# Oncidium cheirophorum



## mrhappyrotter (Jan 27, 2019)

It's mounted on cork, then I set the cork down into a plastic pot and loosely laid down some dead sphag. Watered twice a week and misted when dry. Grown bright. This blooms 2 - 3 times a year, but the winter blooming is always the most profuse. It's been in bud for ages (spikes take months to develop) and the flowers have been opening since December.

The scent is pretty strong and variable. It's hard to describe, but I like it. It's weird in the way that a lot of Oncidium alliance species are.

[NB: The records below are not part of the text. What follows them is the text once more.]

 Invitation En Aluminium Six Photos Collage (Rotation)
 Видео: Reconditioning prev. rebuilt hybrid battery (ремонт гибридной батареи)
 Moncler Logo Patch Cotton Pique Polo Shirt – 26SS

This is one of the parents of the famous hybrid Oncidium Twinkle.












Full Album


----------



## abax (Jan 28, 2019)

What a wonderful winter surprise. That yellow dazzles.


----------



## troy (Jan 29, 2019)

I'm definetly not an oncidium guy but I like this one, it looks very floriferous


----------



## Happypaphy7 (Jan 29, 2019)

I love it!!!


----------



## Ozpaph (Jan 30, 2019)

great display


----------



## chris20 (Jan 30, 2019)

Awesome.


----------



## NYEric (Jan 31, 2019)

Nice, thanks for sharing. Does it smell like eggnog?


----------



## mrhappyrotter (Jan 31, 2019)

NYEric said:


> Nice, thanks for sharing. Does it smell like eggnog?

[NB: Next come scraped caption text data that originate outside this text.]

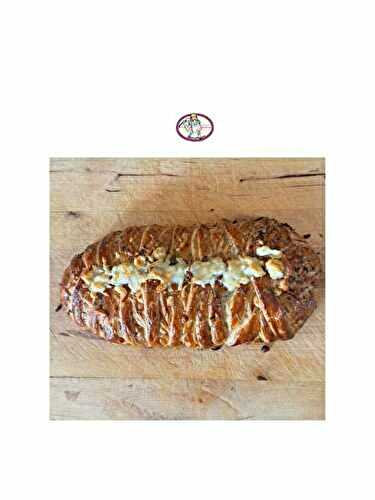 Tresse feuilletée aux courgettes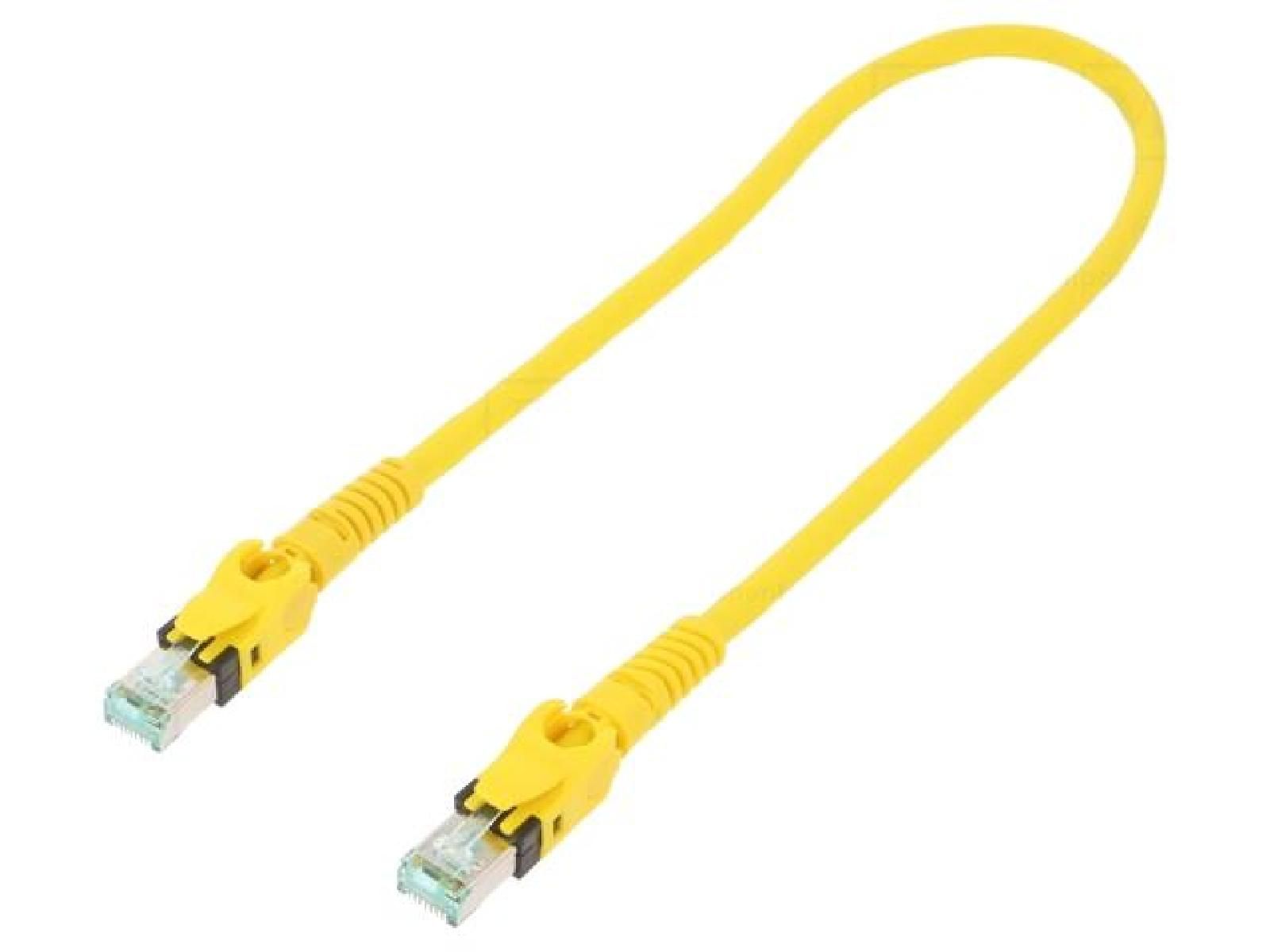 ADNAuto RJ45 Male S-FTP Cat 6a Yellow Network Cable - 0.5m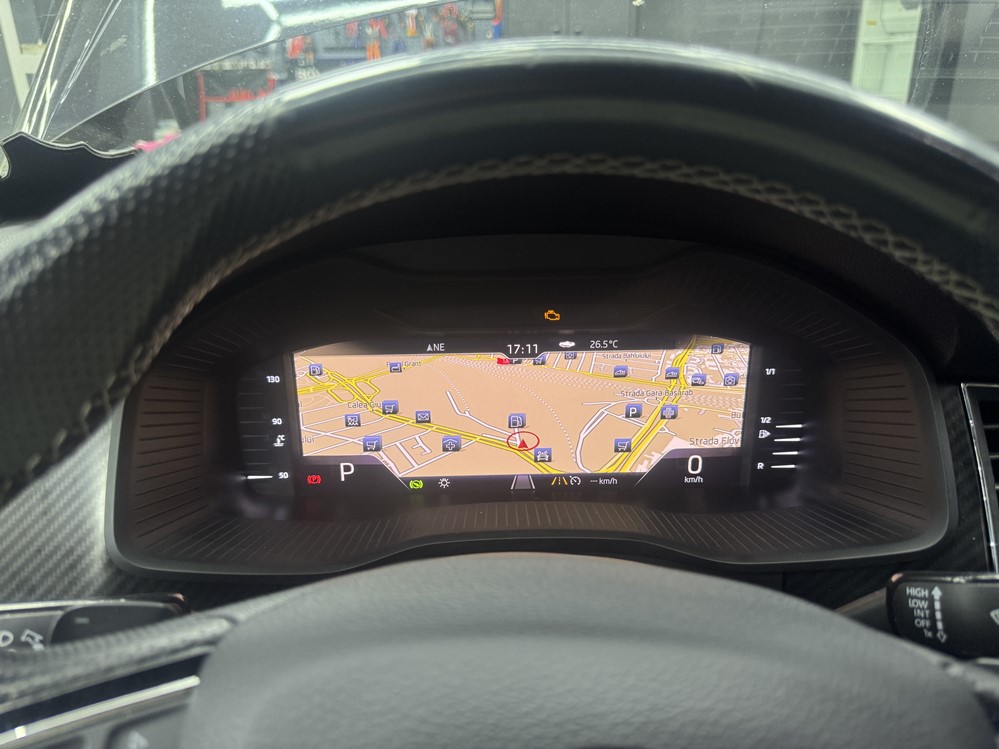 Montare 7 - Skoda Kodiaq 2018 Instalare Ceasuri Digitale Virtual Cockpit Retrofit Bord Digital Original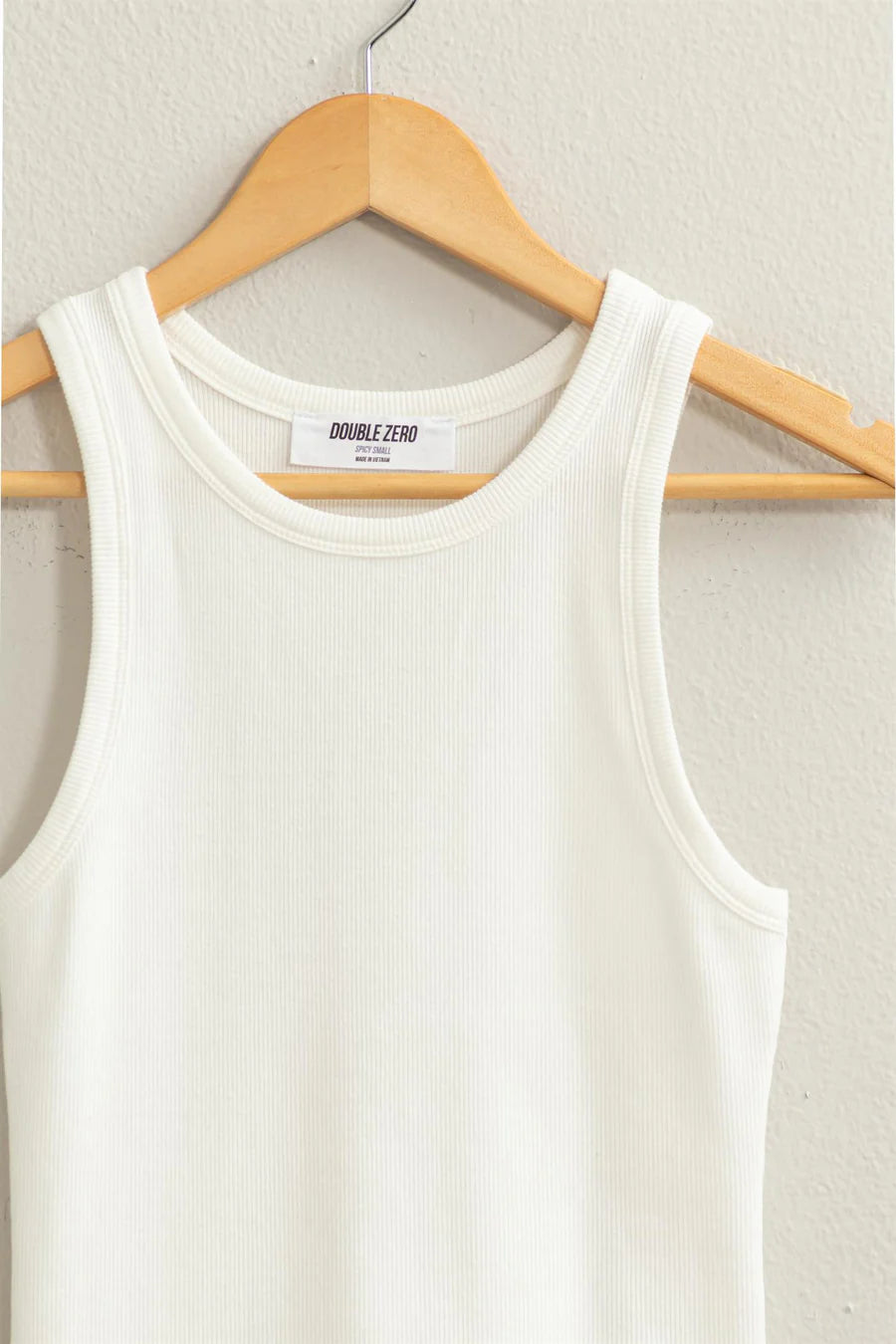 Ribbed Round Neck Tanks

Not to me, but the sense of smell is very subjective, so I could see some folks describing it that way.

Also, weird as it sounds, the scent takes on a much sweeter and more floral characteristic when it's grown in natural sunlight (or maybe it's just when it is outdoors in fresh air). When it has bloomed during warmer weather, I've had it outdoors and it's much more pleasant then.


----------



## Wendy (Feb 1, 2019)

It’s outstanding!


----------